Learning Loops of the Team

After introducing the public hearing agenda, the Council members started to argue and debate in searching for understanding to one another and the public who was brought the agenda. The Mayor promoted them to more actively engage in discussions toward goals that meet the needs of the community. Council members kept asking and answering one another in a respectful manner. They brought a range of perspectives from in-depth knowledge about their organization and operation. When all debate and discussion is completed, decisions were made regarding the issue.

In the context of the meeting, the entire Council members engaged in double-loop learning that individual team members were able to ask critical questions of others, and the exchange of ideas and experiences in the interest of enhancing the collective pool of knowledge (Argyris, 1991).

Leaders’ Service Behavior

The Mayor motivated the Council member to debate and argued throughout the meeting. The Mayor’s leadership was recognized as the basis for guidance rather the control. He put more effort into creating a climate where the facts of the current reality area found during the meeting. When they start with honest and diligent efforts to determine the truth of their situation, the right decisions will become self-evident (Collins, 2001). The Collins (2001) found that creating a climate where the truth is heard involves four basic practices, including lead with questions, not answers; engage in dialogue and the debate, not coercion; conduct autopsies, without blame; and build red flag mechanisms that turn information into information that cannot be ignored. Senge (1990) pointed out that in team learning, the discussion is crucial because different views are presented, defended, and provided a useful analysis of the whole situation. In my perspectives during the two consecutive meetings, the Mayor was actively involved in monitoring and adjusting issues through motivating the council member to learn shared vision.

Innovation of Leadership

The prevailing leadership style in the organization is traditional style, who set the direction, make the key decisions, and energize the troops, and are deeply rooted in an individualistic and non-systemic worldview (Senge, 1990). The Mayor, I observed, was a new view of leadership, guided and coordinated the Council member that can deal productively with the issues they face and develop double-loop learning environments. Senge (1990) viewed that innovative leaders are responsible for building an organization where people continually expand their capabilities to understand the shared vision. At this level leaders, they do not provide the answer but instill confidence in team members to learn whatever they need to learn in order to achieve the results they truly desire (Senge, 1990; and Collins, 2001).

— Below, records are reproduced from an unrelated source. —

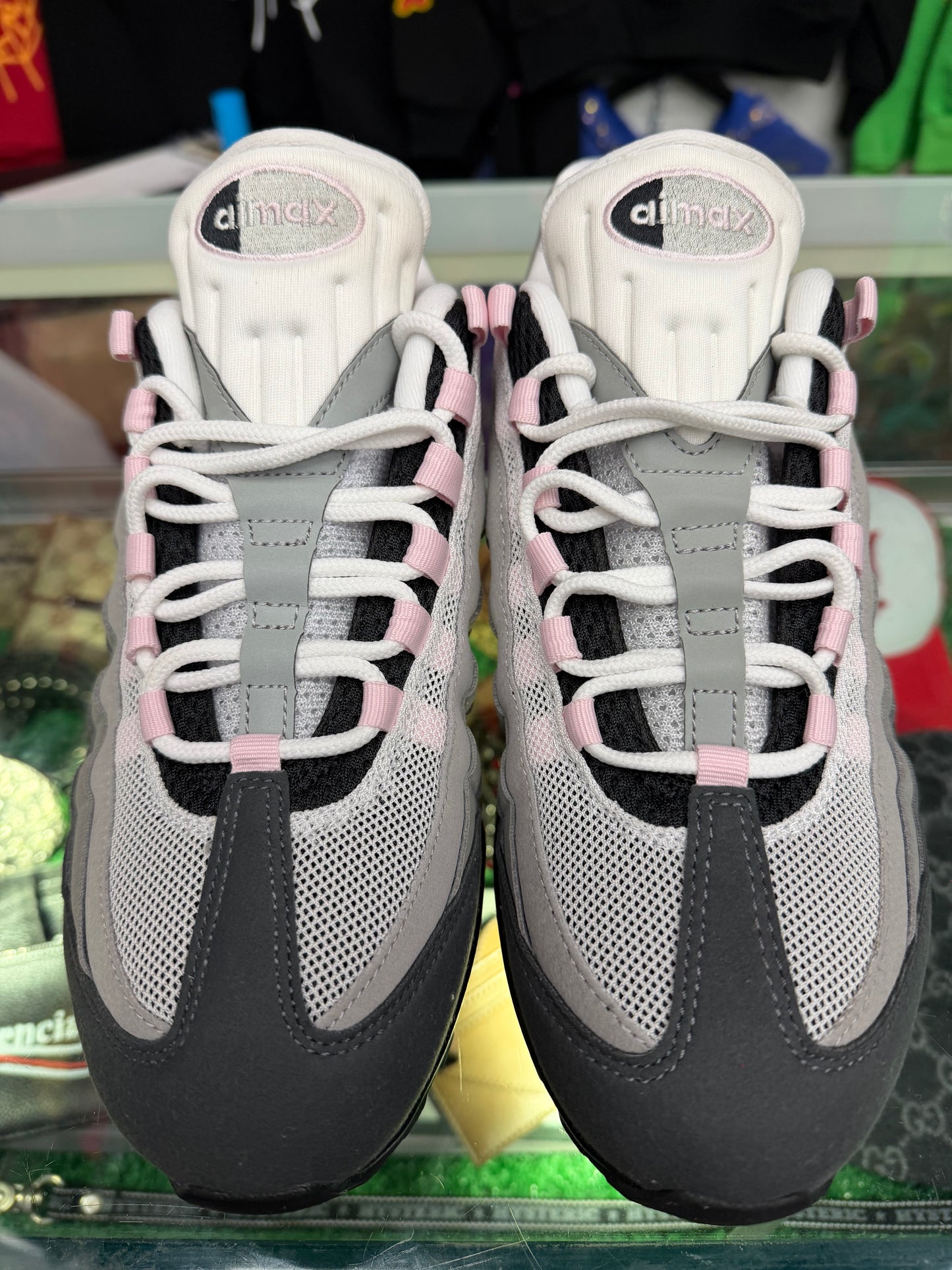AIRMAX 95 BIG BUBBLE PINK FOAM (PRE-OWNED W/ BOX)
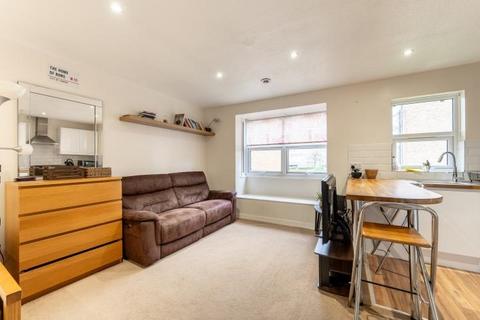 Studio for sale, Bramley Road, London, W10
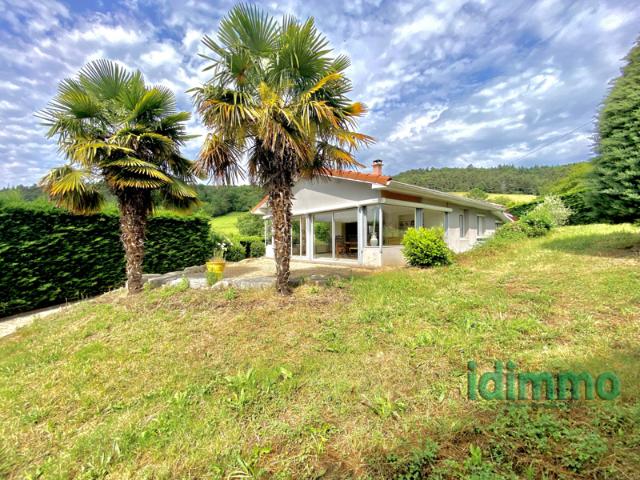 Magnifique maison sur un terrain de 2585 m2 proche de Bourg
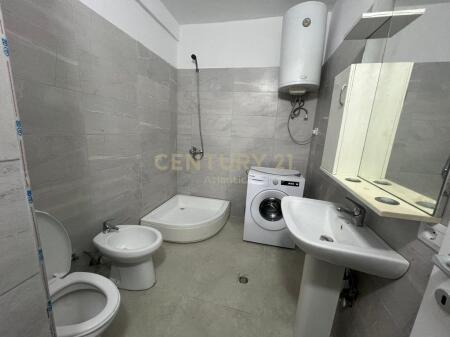 JEPET ME QERA APARTAMENT 2+1+2 ISH RAJONI NE DURRES !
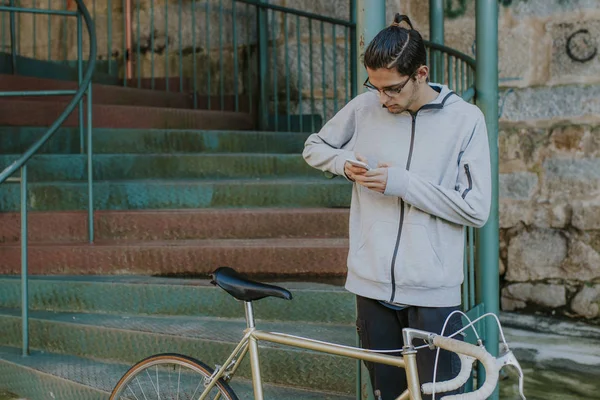 Moda Joven Con Teléfono Móvil Bicicleta Calle Ciudad — Foto de Stock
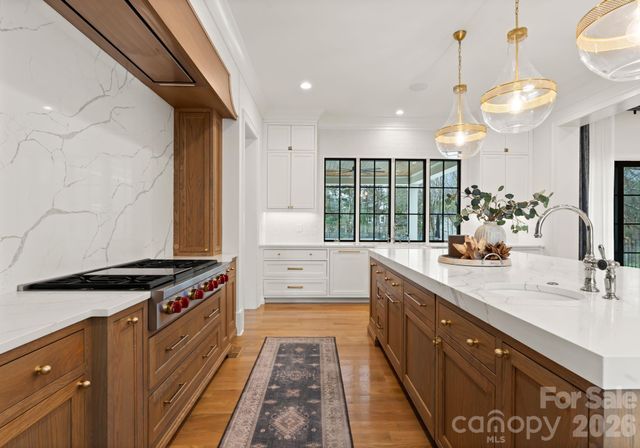 4420 Forest Hills Drive, Charlotte, NC 28226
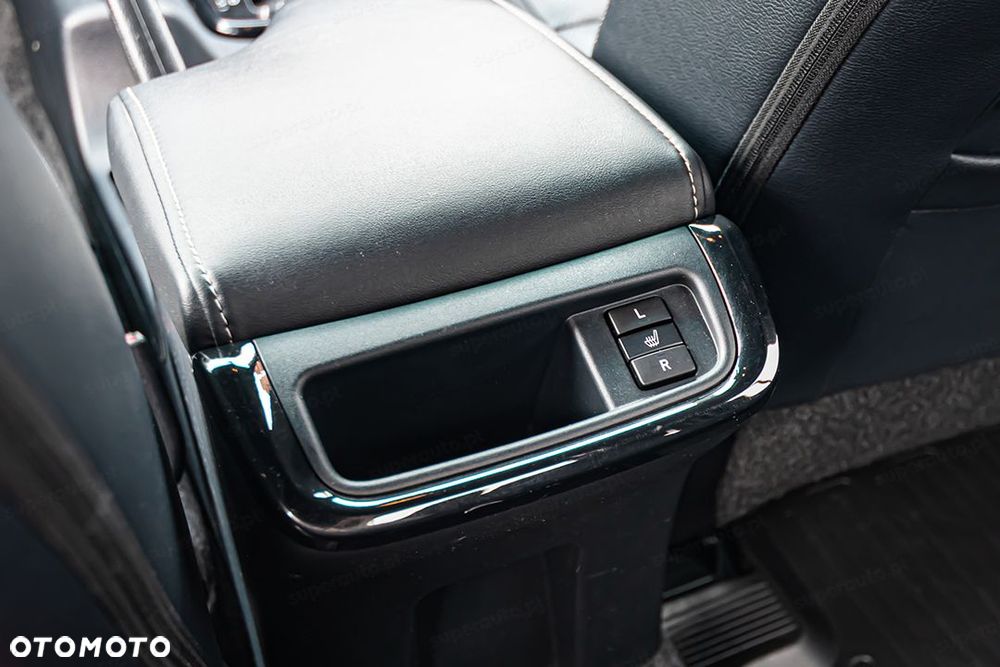 Toyota Hilux 2.8 D-4D Double Cab Invincible 4x4 - 28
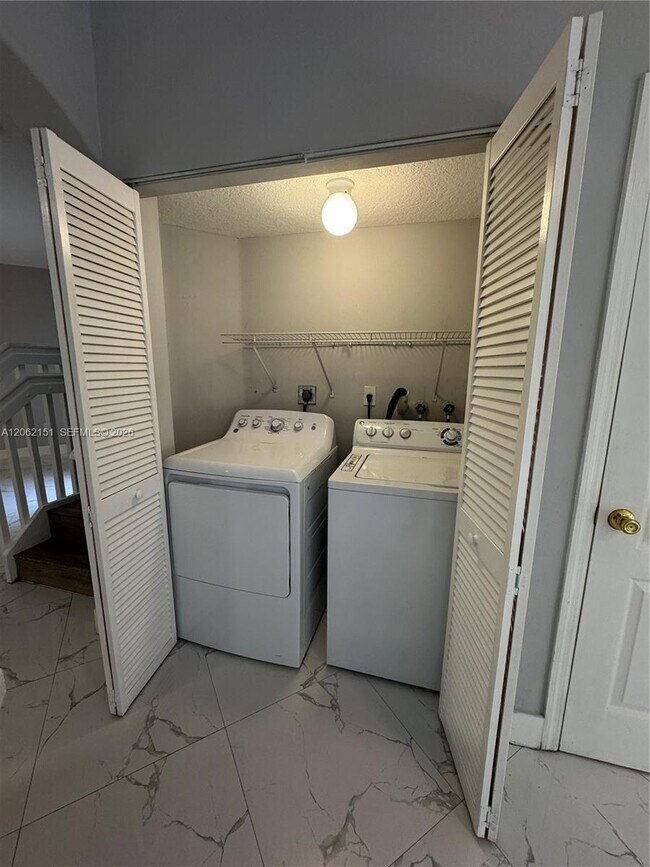 Photo - 8360 NW 10th St
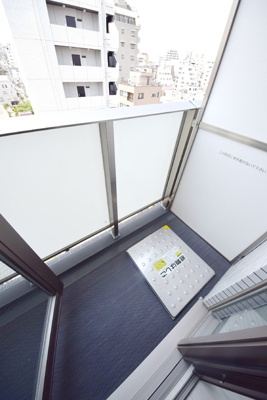 【バルコニー】 | エストゥルース入谷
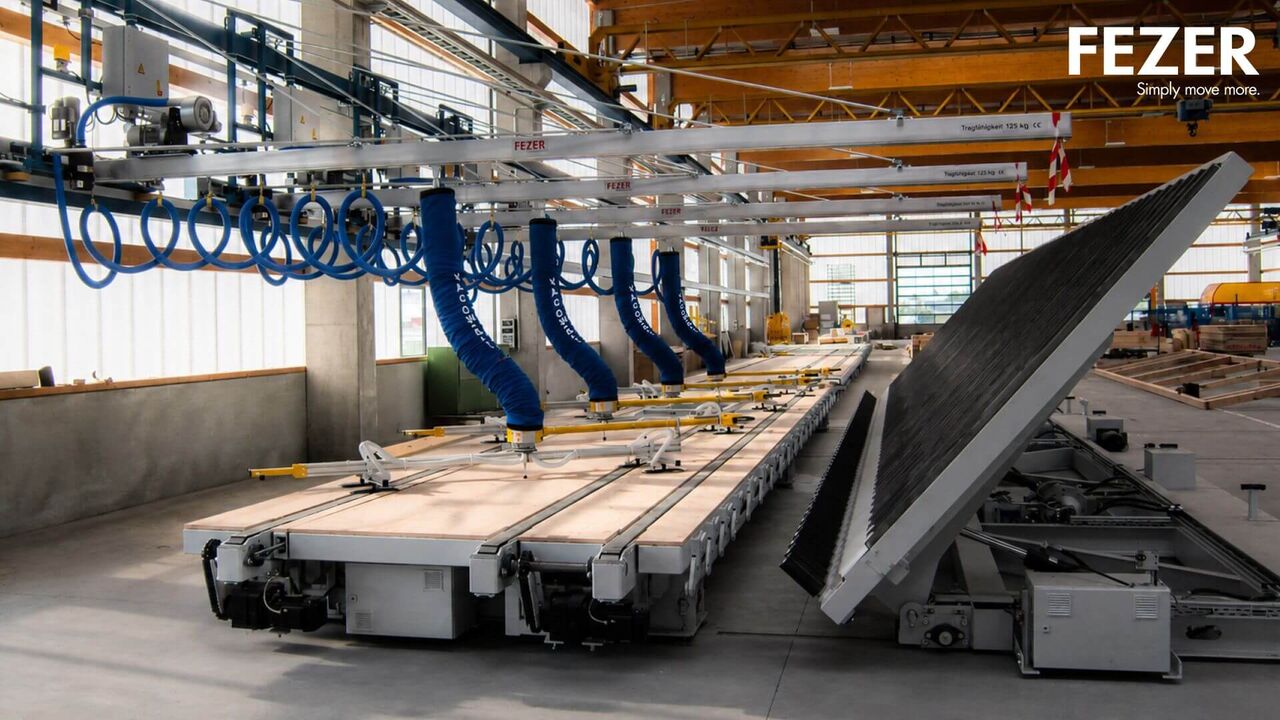 Wandlaufkran von FEZER mit mehreren Vakuum-Schlauchhebern zum Transport von Plattenmaterial in der Produktion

The Mayor promoted constructive interaction is needed for effective performance. By the guidance of Mayor, the vigorous dialogue and debate infused with the brutal facts and guided by questions formed by cycles. Collins (2001) argued that to go from good to great requires a deep understanding of the useful mechanism for moving the process, which comes the idea from the Council. “Ask the questions, engage in vigorous debate, make decisions, autopsy the results, and learn—all guided within the context of the three cycles (Collins, 2001, p. 115).” Leaders who many of whom rose to the top “because of their decision making and problem-solving skills in mentoring, coaching, and helping others learn (Senge, 1990, p. 345).”

References

  1. Argyris, C. (1991). Teaching Smart People how to Learn. On Managing People (pp133-145) Boston MA, Harvard Business Review
  2. Collins, J. C. (2001). Good to Great. New York, NY: Harper Collins Publishers.
  3. Senge, P. M. (1990). The fifth discipline: the art and practice for the learning organization. New York, Ny: Doubleday/Currency.